Selbst wenn Wasserstoff gekühlt und verflüssigt gespeichert wird, ist die Energiedichte siebenmal geringer als die von Schiffsdiesel. In der Konsequenz brauchen Schiffe, die große Reichweiten haben müssen, riesige Kraftstofftanks, die wiederum nicht wirtschaftlich und nicht praktikabel sind. Daher bietet es sich an, den regenerativ erzeugten Wasserstoff chemisch zu binden. Ideal ist dafür Methanol, ein einfacher Alkohol, der bei Normalbedingungen flüssig ist und rund die dreifache Energiedichte von verflüssigtem Wasserstoff besitzt. Die technischen Verfahren für die Herstellung sind erprobt, denn Methanol ist heute bereits ein wichtiger Grundstoff in der chemischen Industrie. Wird die für die Methanol-Produktion benötigte Kohlenstoffverbindung nicht aus fossilen Quellen gewonnen, sondern beispielsweise aus der Luft abgeschieden oder das Methanol aus Biomasse erzeugt, handelt es sich um einen komplett klimaneutralen Kraftstoff.

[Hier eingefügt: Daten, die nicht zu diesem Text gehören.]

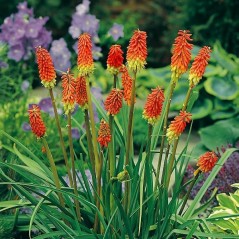 Tritome à longues grappes - Kniphofia uvaria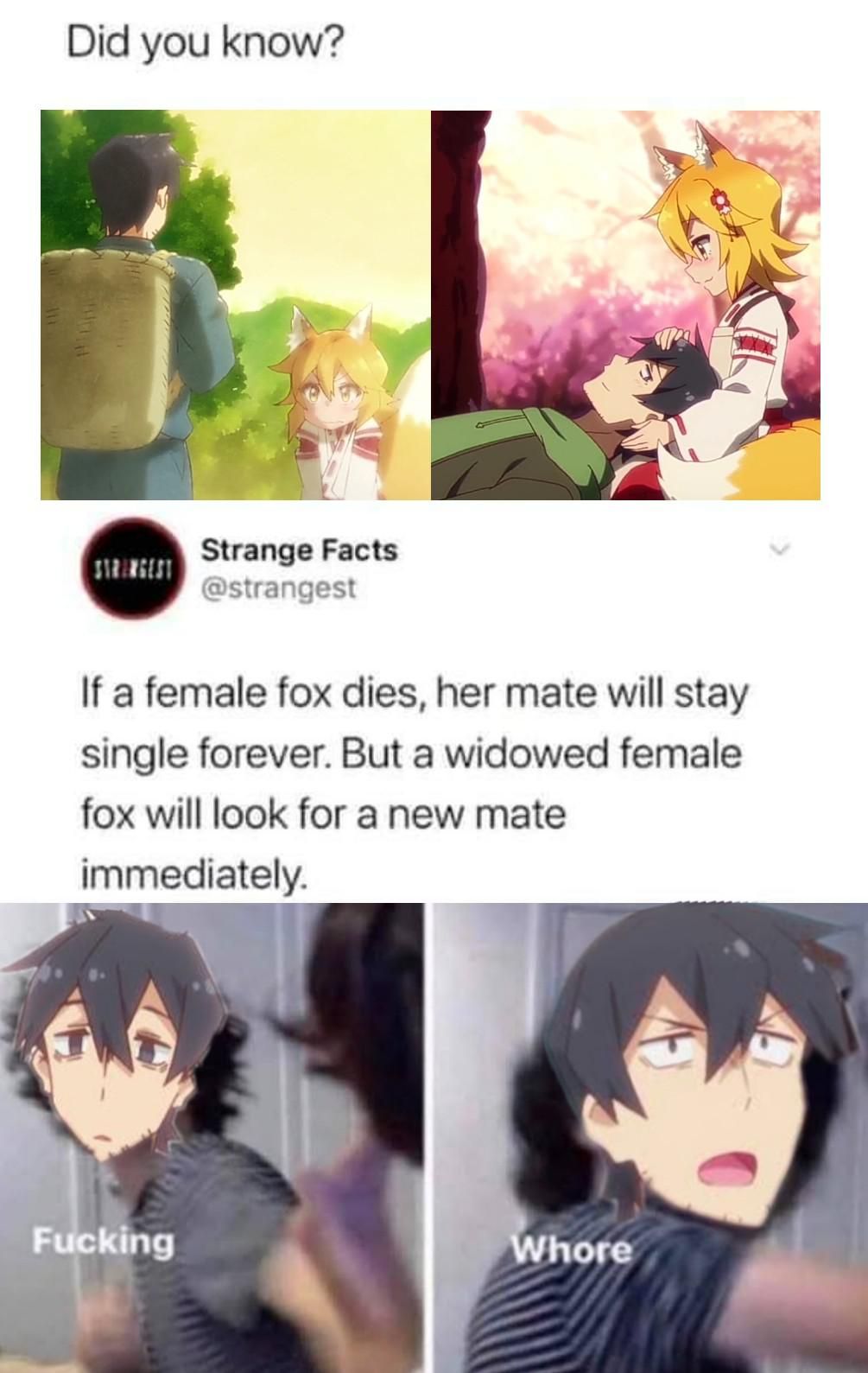 Sewayaki Kitsune no Senko-san #46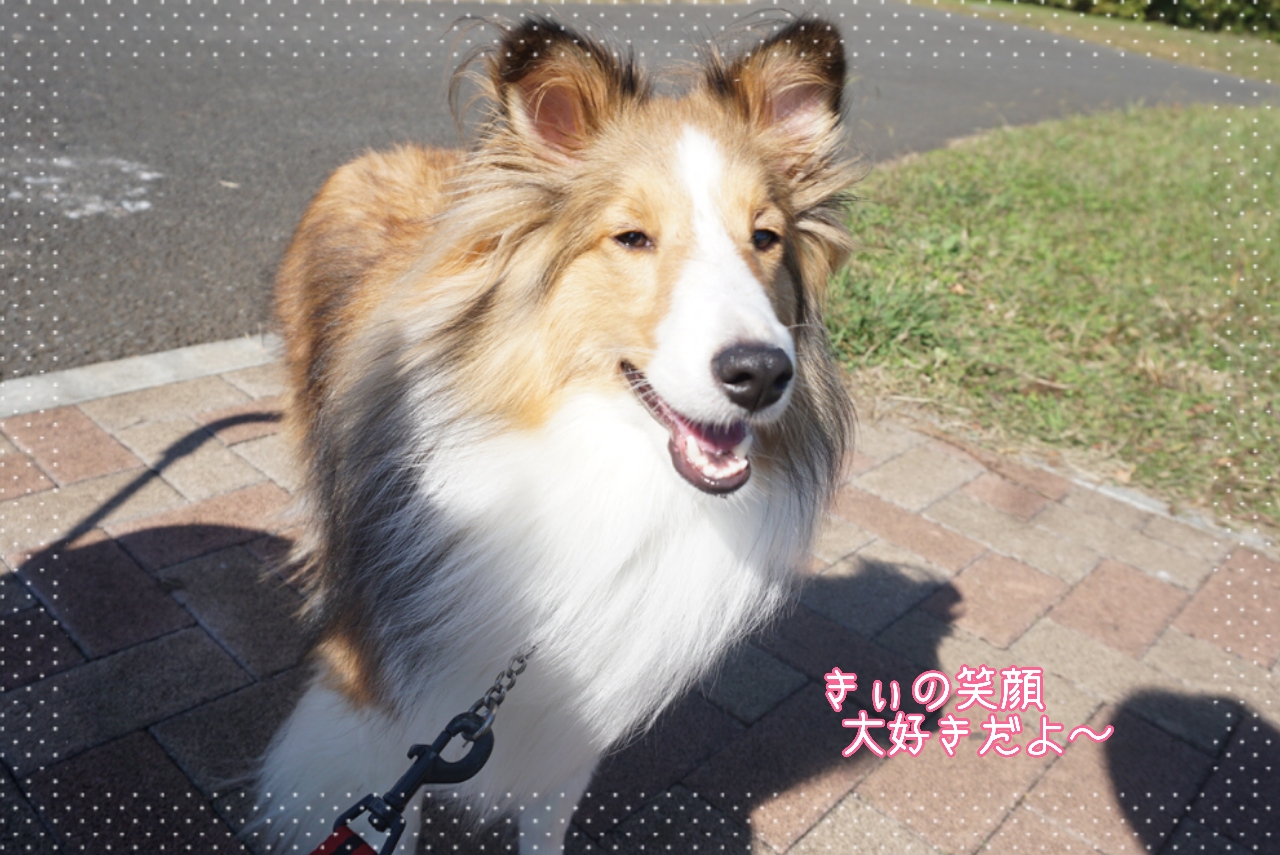 2014-10-28-14-45-02_deco.jpg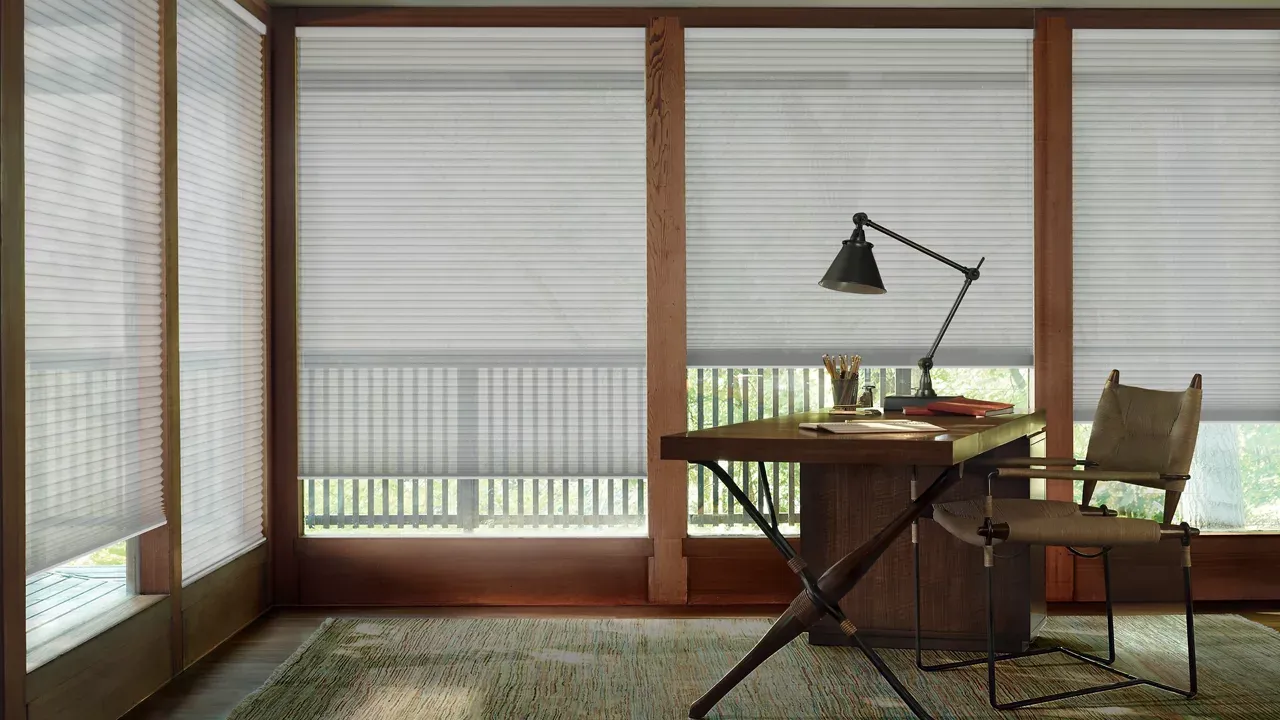 Motorized Shades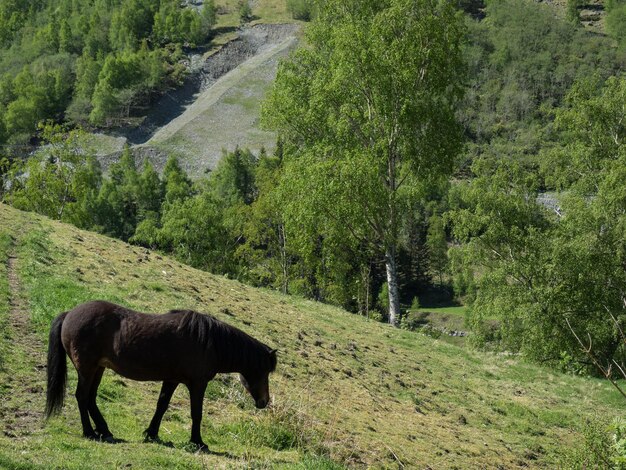 Side view of horse on field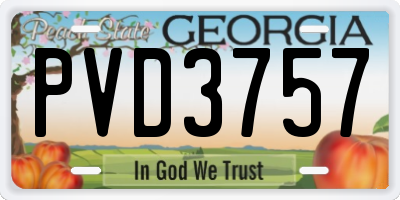 GA license plate PVD3757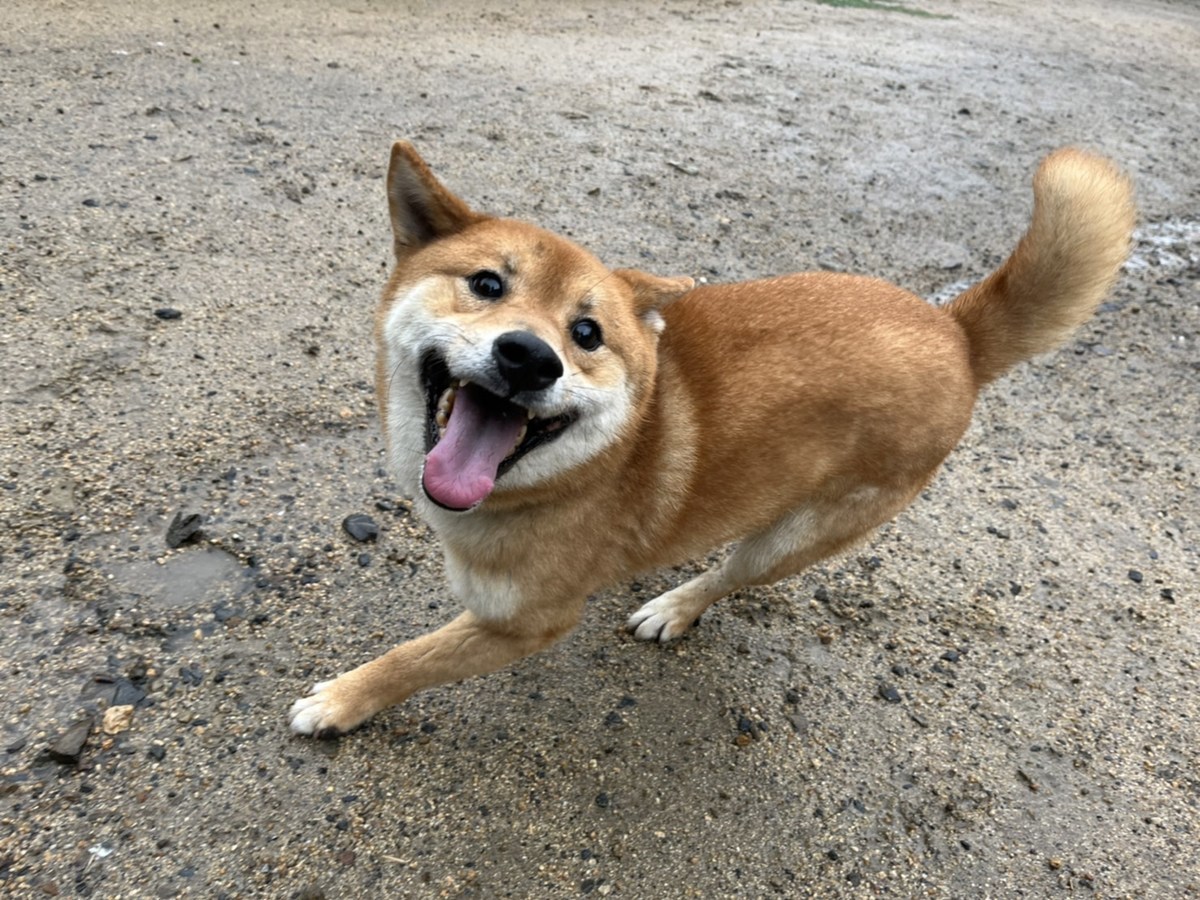 神戸の老犬ホーム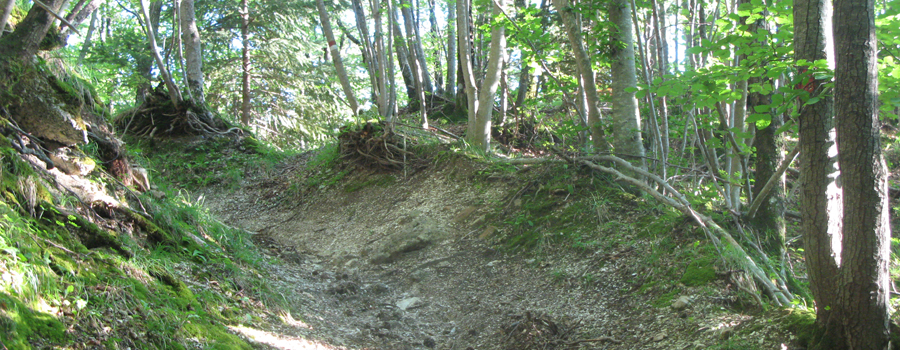 Monte Catria Sentiero 53 - immagine 2A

Modulare Lösungen für klimaneutrale Schifffahrt
Genutzt werden kann Methanol in einer PEM-Brennstoffzelle, die mit einem vorgeschalteten Reformer arbeitet. Das System erzeugt per Dampfreformierung Wasserstoff, der dann in der Brennstoffzelle mit Sauerstoff aus der Luft reagiert und dabei sowohl die für den Antrieb als auch für das Bordnetz notwendige elektrische Energie produziert. Eine solche mit Methanol betriebene Brennstoffzelle hat Freudenberg Sealing Technologies mit Blick auf den Einsatz in der Schifffahrt in Containment-Bauweise entwickelt. Brennstoffzellenstapel, Reformer und Steuerungselektronik sowie alle Komponenten zur Medienführung befinden sich dabei in einer vorgefertigten Systemeinheit, die eine einfache Installation an Bord erlaubt. Das einzelne Containment kann über eine Nennleistung von bis zu 500 Kilowatt verfügen und ist mit weiteren Einheiten zu Gesamtleistungen im zweistelligen Megawatt-Bereich skalierbar. Diese Leistungsdaten sind für diese Verkehrsträger unabdingbar, um Schiffe sicher einzusetzen. Durch den hohen thermischen sowie mechanischen Integrationsgrad des Gesamtsystems kann die für den Reformer benötigte Wärme direkt aus der Abwärme der Brennstoffzellen gewonnen werden.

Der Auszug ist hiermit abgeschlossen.